We live in interesting times. More than that, we are experiencing an unprecedented moment in the history of human civilization. Never before have we been so connected. Never before have we lived so long. Never before have our political and economic systems been so globalised. Never before have we altered the very nature of our earth’s climate.
And yet, in my conversations with people recently, you would think we had been here before. That the climate change predicament we face is just another obstacle in the path of human progress. I’m not talking about climate sceptics, or Daily Mail readers or anyone else that the green movement generally throws buckets of water on. I’m talking about my peers – young people who care, who know that “Houston, we have a problem” and who, in some cases, would describe themselves as campaigners.
There seems to be an underlying assumption that things sort themselves out in the end, that technology will finally come to the rescue, or governments will finally get a clue. Some of the discussion in my MSc seminars so far have had people suggesting that we will somehow be able to make (finite) fossil fuels grow through human ingenuity or that we will be able to “planet-hop” when we finally exhaust our resources here and mine in space.

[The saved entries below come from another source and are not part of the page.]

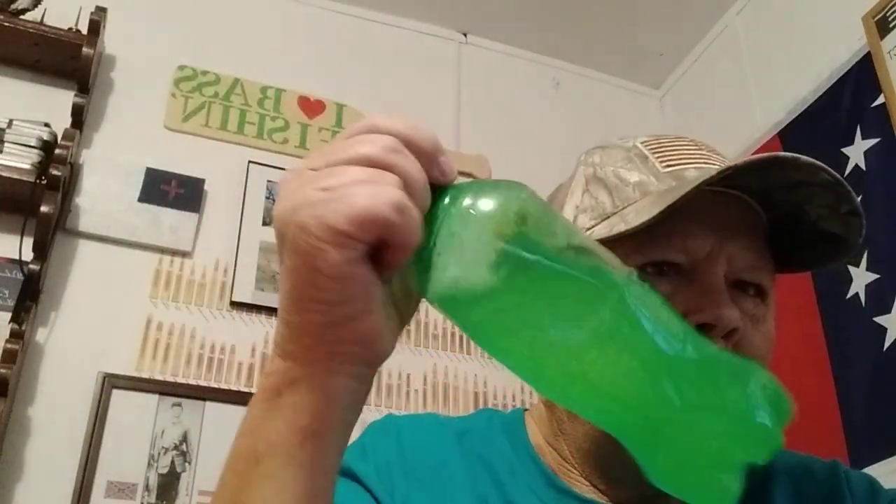Hello YouTube, this is Farmer Son Preppin here. Hope you're having a blessed day today. It is a hot one today, 90 degrees, pretty hot. I've been outside cutting grass, so I have to come inside to take a break. While I'm taking a break here, I've got my drink, my lemonade stuff.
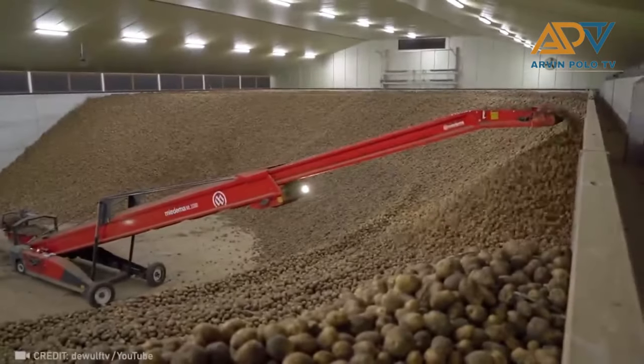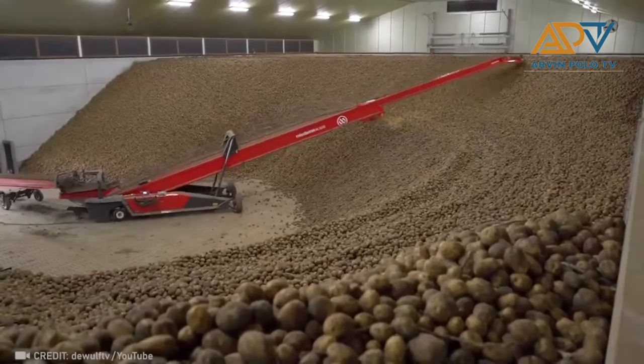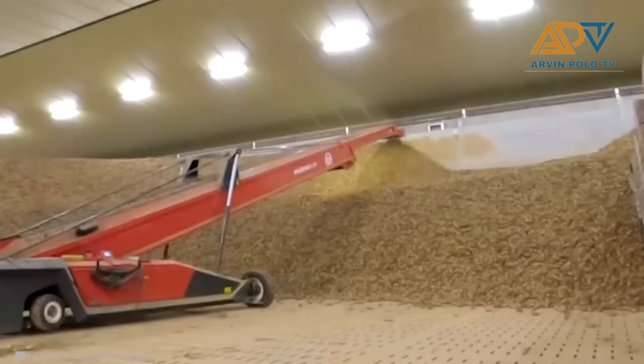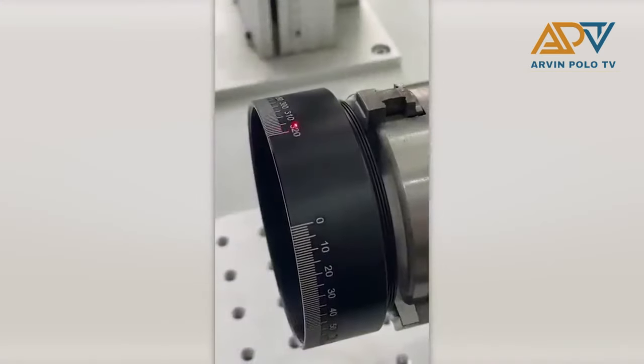So many potatoes, right? It's impressive how it's done.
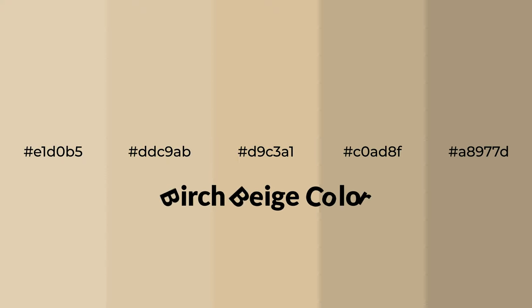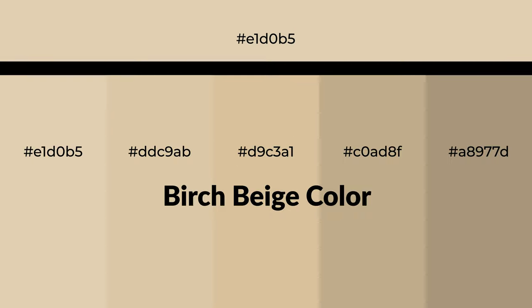Warm shades of birch beige color with yellow hue for your next project. To generate tints of a color, we add white to the color. Tints create light and exquisite emotions.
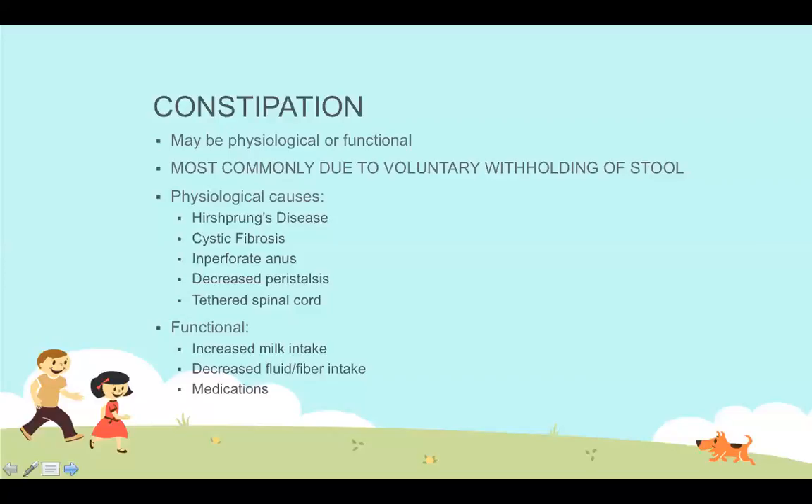In addition to voluntary stool holding, functional contributors to constipation include excessive milk intake — after age one, only two to three small cups per day are recommended. Dehydration from running and sweating without adequate water intake also contributes, as does insufficient dietary fiber. Children eating macaroni and cheese, hot dogs, and chicken nuggets without fruits and vegetables are set up for constipation. Medications can cause constipation too — iron in multivitamins is a particularly notable example.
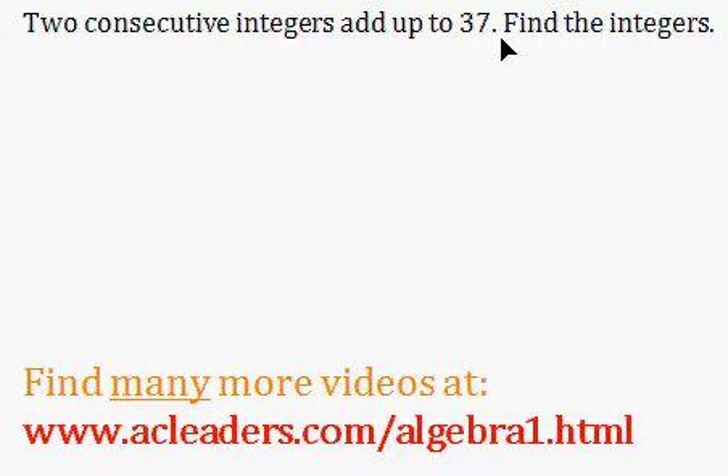Two consecutive integers add up to 37 — find the integers. Straightforward, huh? Okay, so let's get started.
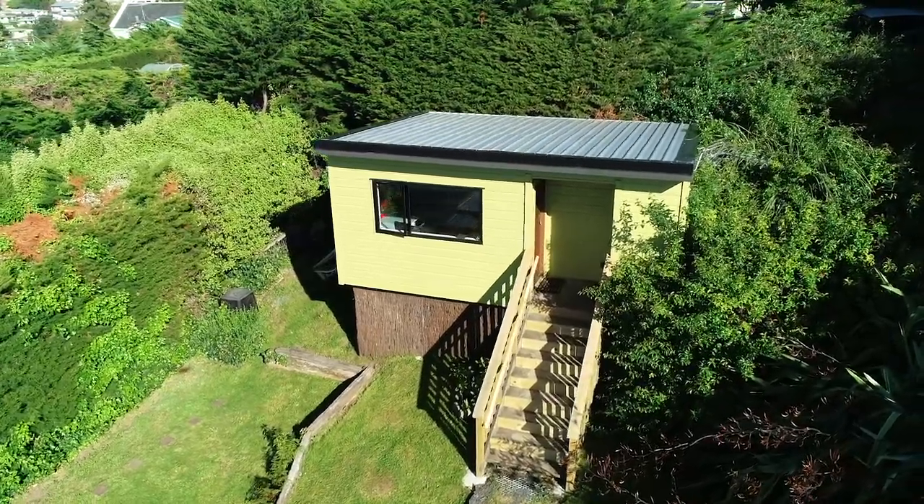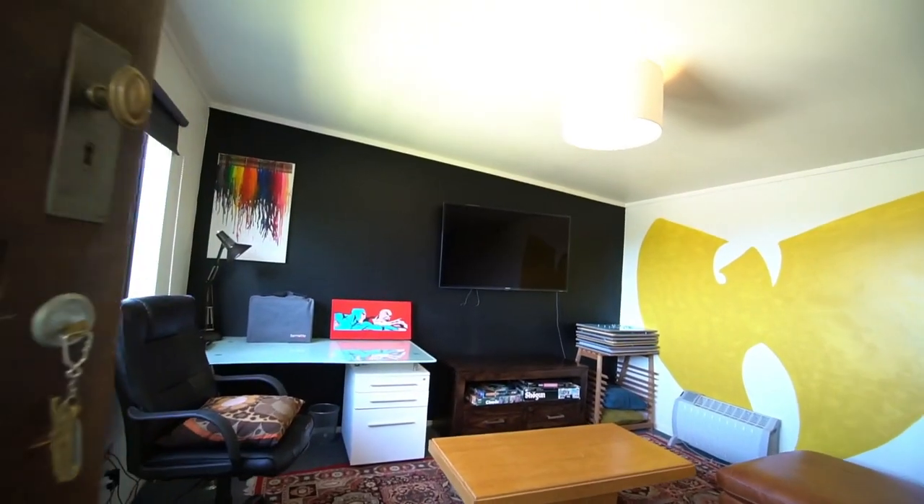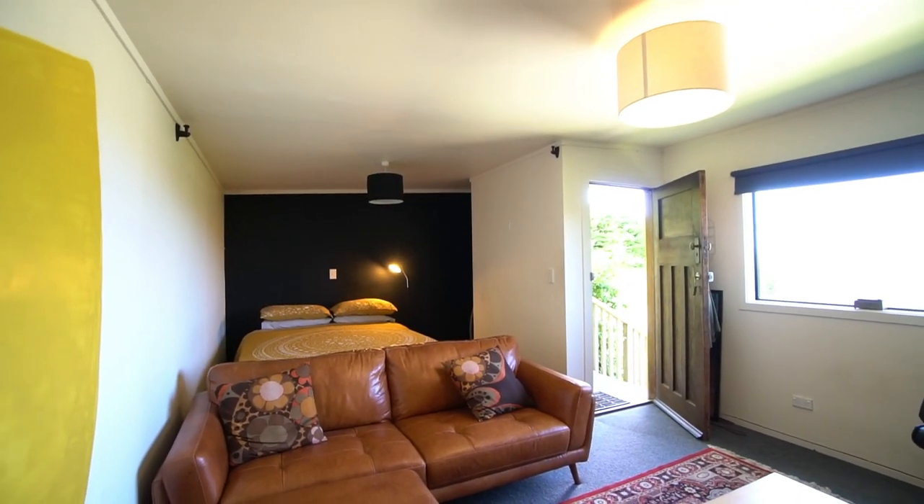There are plenty of outbuildings for plenty of purposes. The main one is the fantastically sized sleep-out, positioned above the house with space for a bed and lounge area — ideal for guests, a studio, or another place to chill.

Putting aside the ethics of both these suggestions, I do not want to deny that technology might make significant, path-altering breakthroughs or that governments or markets or whatever other instruments will come up with ingenious solutions. I sincerely hope that will be the case, but these things don’t happen on their own. We make history. Somehow, we have forgotten that we have instrumental roles to play in ensuring that change happens.

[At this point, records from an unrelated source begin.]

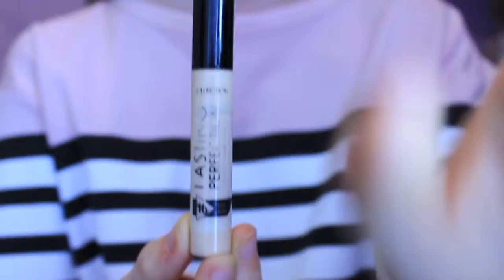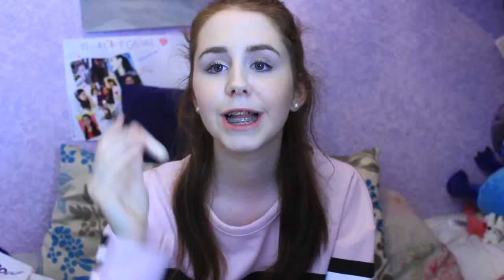The last makeup item is the Collection Lasting Perfection concealer — I use it almost every day when I wear makeup. The coverage is great and it blends really nicely. The only downside is that it says 'Lasting Perfection' but the writing on the packaging always rubs off, which is annoying for tutorials when you go to show it. But I got it in number one fair and I love it a lot.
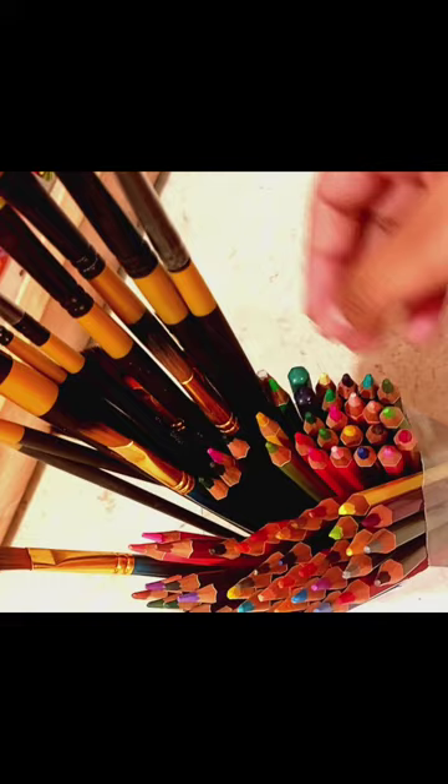Hello everyone, today I'll be showcasing my little stationery collection. First, I'd like to show this — it's my color pencil watercolor pencil set. Watercolor pencils are basically color pencils containing watercolor shades. And these are my brushes, which can be used for oil painting, acrylic painting, as well as watercolor — they serve all three purposes.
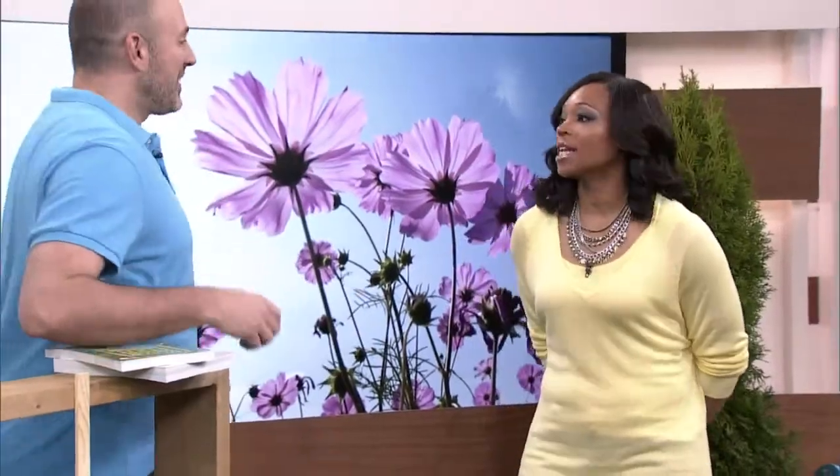Good morning, it is Monday! To get your week started right, we've got Carson Arthur. What a great audience — I love this audience, they're awesome on a Monday, they make me want to come to work.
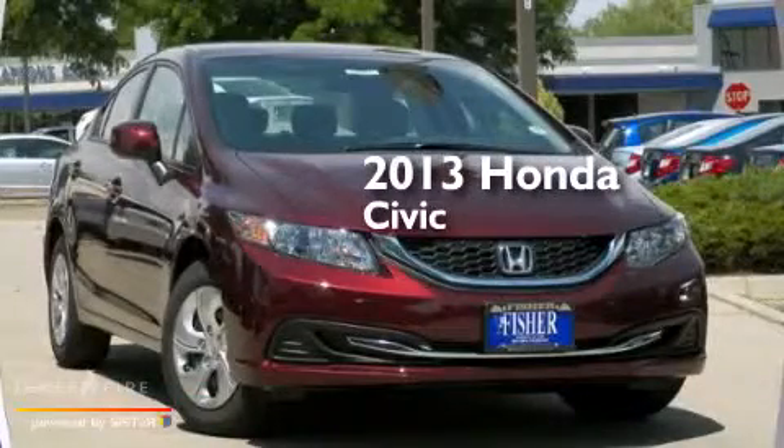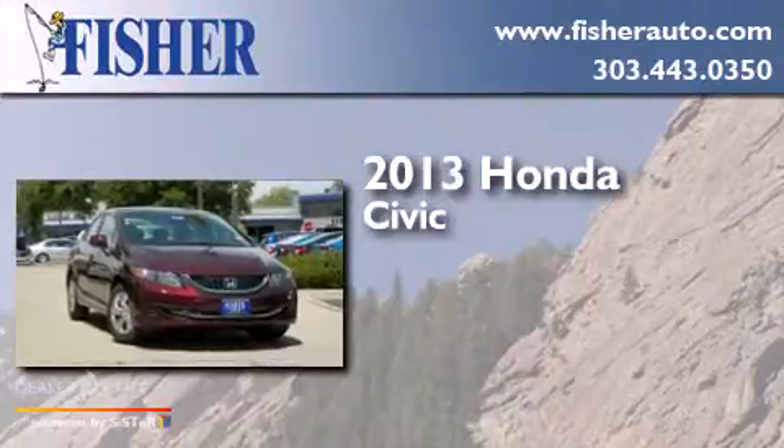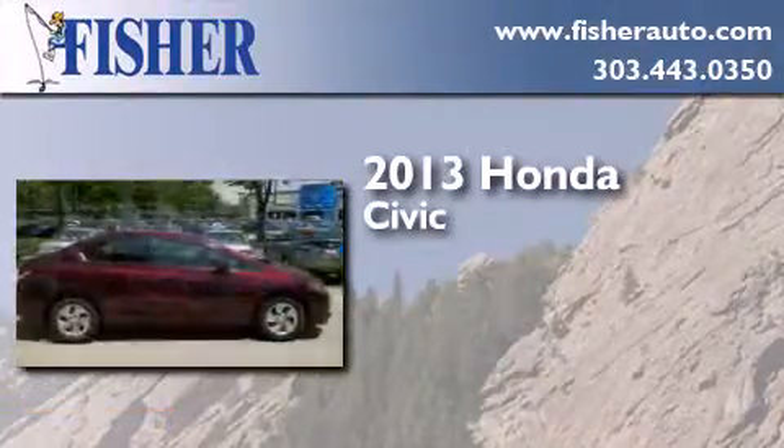This is a brand new 2013 Honda Civic. This car has a 5-speed automatic transmission and a 4-cylinder engine.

Up until now, the climate change movement has successfully used examples of previous social movements to encourage people to take action. Climate Rush use the example of the suffragettes, there have been lessons from the anti-slavery movement, and over in the US the environmental justice movement seems a natural successor to the civil rights movement.
It is incredibly inspiring to hear the stories of these movements – the actions, the speeches, the successes – and begin to apply them to the challenge of our time. However, I think there is a flipside. It may sound contrary, but I also wonder whether the fact that all these movements did succeed has actually gone a long way to lulling my generation into complacency. I was born after the anti-slavery movement, the suffragette movement, the civil rights movement, the women’s lib movement. All those historic social shifts happened without me, so surely a conclusion I can come to is that the shift to a low-carbon economy can happen without me too.

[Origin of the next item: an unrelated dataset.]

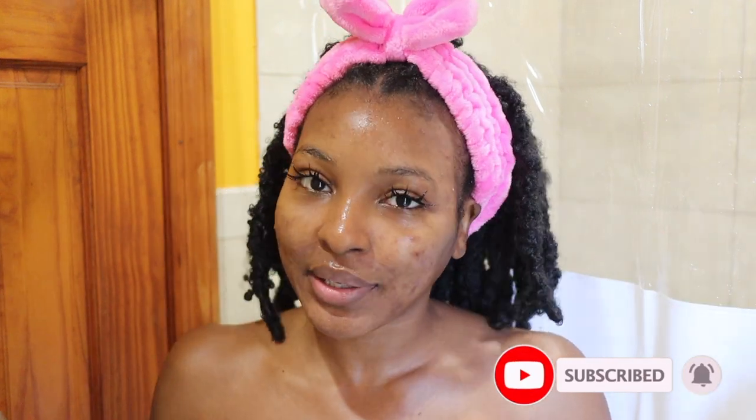Before we get started, make sure you guys subscribe to my YouTube channel — hit that red subscribe button down below and join the family. Give this video a big thumbs up if you enjoy and drop a comment down below with your thoughts, questions, opinions, anything that's on your mind. Without further ado, let's go ahead and get started.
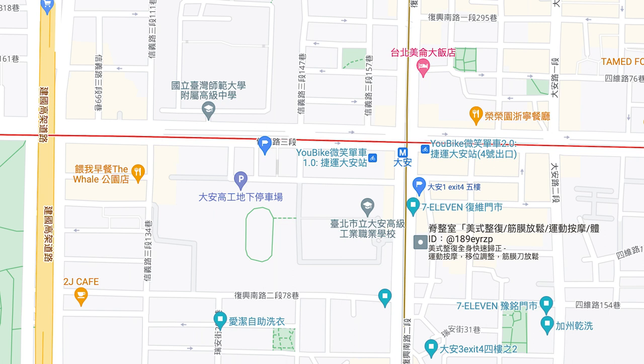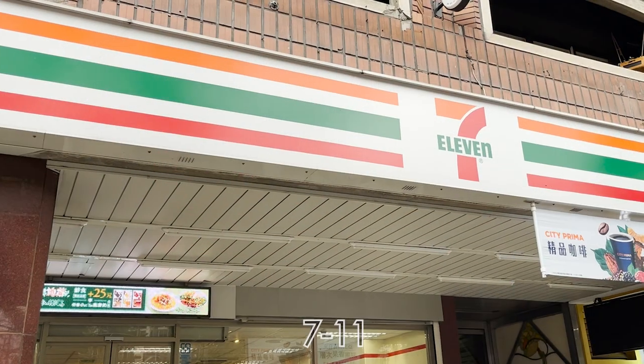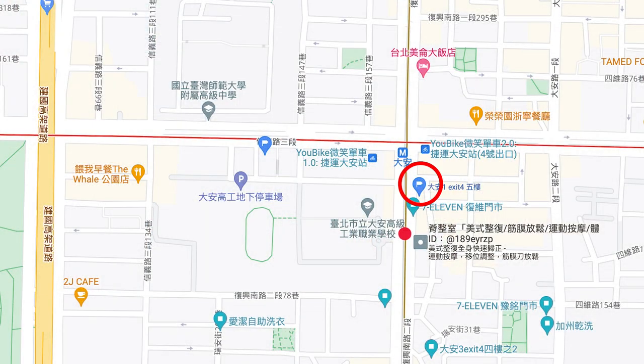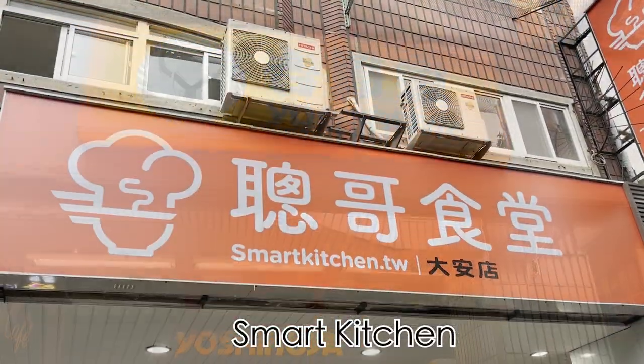This is a surrounding map for Da An Wan house. You can go to SoCo department store on foot in 15 minutes. 7-11 convenience store just takes 30 seconds to arrive — it's very convenient. And along the street there are also many restaurants to choose from. It's quite a convenient living area.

Unfortunately, I don’t think this is a safe conclusion. It we who are here, and it is we who must act.
We have been spoiled by progress, both social and technological. Truth is, we have no idea how this is going to play out and yet we’re acting like we do. Truth is, we can’t afford to take that risk.
So this is essentially an appeal. If we want progress, then we must go out and get it. Whether it’s through art and culture, science and research, engaging in local politics or community groups, campaigning, activism and direct action – through our individual actions we need to form a collective identity. An identity that can carry a movement. The opposite of “spoiled” is “fresh”, “ripe”, “clean”. Let’s come to this movement fresh and clean, shed old successes and failures and look straight into the future.